Employees around the world get proceeds from earnings annually from millions of dollars of H&M stock.
To encourage employees’ long term employee involvement with the company, the internationally successful Swedish clothing retailer H&M (Hennes & Mauritz) is giving 4,040,404 of its public stock shares, which have an estimated worth of $137 million, to the firm's own workers in all its divisions around the world.
“The idea is to create a long-term incentive program which is the same for all employees. Our hope is that employees will be able to benefit from H&M’s value growth in the same manner as a shareholder,” stated Stefan Persson, Chairman of the Board, who is Sweden’s second richest individual after Ikea founder Ingvar Kamprad.
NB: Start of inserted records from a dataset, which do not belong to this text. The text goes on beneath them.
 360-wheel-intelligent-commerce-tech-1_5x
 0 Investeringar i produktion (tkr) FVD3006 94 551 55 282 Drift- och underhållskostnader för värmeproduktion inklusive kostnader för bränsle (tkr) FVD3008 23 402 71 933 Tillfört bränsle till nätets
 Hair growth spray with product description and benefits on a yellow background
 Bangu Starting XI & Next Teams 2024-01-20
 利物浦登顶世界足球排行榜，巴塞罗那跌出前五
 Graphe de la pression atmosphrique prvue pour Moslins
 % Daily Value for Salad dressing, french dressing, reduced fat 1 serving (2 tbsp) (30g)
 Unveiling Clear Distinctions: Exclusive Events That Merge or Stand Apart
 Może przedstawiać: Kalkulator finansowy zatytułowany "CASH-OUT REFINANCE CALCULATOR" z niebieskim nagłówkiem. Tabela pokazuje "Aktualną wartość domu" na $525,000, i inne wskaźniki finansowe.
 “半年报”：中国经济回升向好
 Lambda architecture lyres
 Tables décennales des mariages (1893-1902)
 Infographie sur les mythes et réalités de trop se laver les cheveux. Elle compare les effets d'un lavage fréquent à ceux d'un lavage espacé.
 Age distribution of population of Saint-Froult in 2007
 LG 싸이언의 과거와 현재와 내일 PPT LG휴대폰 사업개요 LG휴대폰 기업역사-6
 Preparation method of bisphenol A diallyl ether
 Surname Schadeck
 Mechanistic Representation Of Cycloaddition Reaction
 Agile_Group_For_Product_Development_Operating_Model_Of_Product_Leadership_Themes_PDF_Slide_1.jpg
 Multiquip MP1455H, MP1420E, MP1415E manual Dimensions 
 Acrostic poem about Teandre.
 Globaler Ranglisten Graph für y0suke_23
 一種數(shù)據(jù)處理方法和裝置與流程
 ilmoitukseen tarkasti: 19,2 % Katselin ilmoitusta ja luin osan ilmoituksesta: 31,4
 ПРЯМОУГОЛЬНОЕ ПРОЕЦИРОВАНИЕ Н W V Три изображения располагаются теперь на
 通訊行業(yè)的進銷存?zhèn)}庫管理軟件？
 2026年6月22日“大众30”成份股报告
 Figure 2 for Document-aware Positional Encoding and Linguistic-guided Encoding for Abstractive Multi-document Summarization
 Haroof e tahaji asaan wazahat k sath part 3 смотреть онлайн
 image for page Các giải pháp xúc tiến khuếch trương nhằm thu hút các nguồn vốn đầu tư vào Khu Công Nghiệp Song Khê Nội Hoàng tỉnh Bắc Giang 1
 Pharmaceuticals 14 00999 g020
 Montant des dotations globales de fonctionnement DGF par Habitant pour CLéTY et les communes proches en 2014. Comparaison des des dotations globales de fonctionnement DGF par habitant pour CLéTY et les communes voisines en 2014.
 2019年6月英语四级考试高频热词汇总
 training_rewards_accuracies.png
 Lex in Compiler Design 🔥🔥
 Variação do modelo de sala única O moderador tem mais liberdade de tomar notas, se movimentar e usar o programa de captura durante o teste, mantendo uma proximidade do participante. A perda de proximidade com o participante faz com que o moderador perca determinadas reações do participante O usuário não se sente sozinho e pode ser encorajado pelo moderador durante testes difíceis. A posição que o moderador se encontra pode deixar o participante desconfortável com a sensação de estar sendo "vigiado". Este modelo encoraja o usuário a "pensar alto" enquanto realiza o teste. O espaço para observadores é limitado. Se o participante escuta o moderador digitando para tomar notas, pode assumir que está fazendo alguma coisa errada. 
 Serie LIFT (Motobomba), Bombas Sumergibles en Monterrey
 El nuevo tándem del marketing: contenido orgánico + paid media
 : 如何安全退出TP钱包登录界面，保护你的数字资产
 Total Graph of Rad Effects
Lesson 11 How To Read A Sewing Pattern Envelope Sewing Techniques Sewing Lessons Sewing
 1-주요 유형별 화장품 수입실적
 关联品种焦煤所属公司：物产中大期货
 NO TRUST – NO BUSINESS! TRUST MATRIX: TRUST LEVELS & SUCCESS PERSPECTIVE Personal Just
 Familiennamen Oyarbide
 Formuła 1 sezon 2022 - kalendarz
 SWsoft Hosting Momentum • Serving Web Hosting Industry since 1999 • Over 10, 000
H&M also hopes that the measure, which is based on the amount of time worked with the company and unrelated to position or salary level, will benefit future recruitment during H&M's major global expansion. Payouts to workers will being in 2011, and all their employees around the world who have worked for the company for at least five years are eligible.
Donated in early September by the Persson family - H&M's major shareholder with 37% of the stock and 70% of the voting rights - the funds are being transferred to a newly established Swedish foundation, Stiftelsen H&M Incentive Program. The company intends to make future contributions to the foundation equivalent to 10% of the increase in share 12 month dividends.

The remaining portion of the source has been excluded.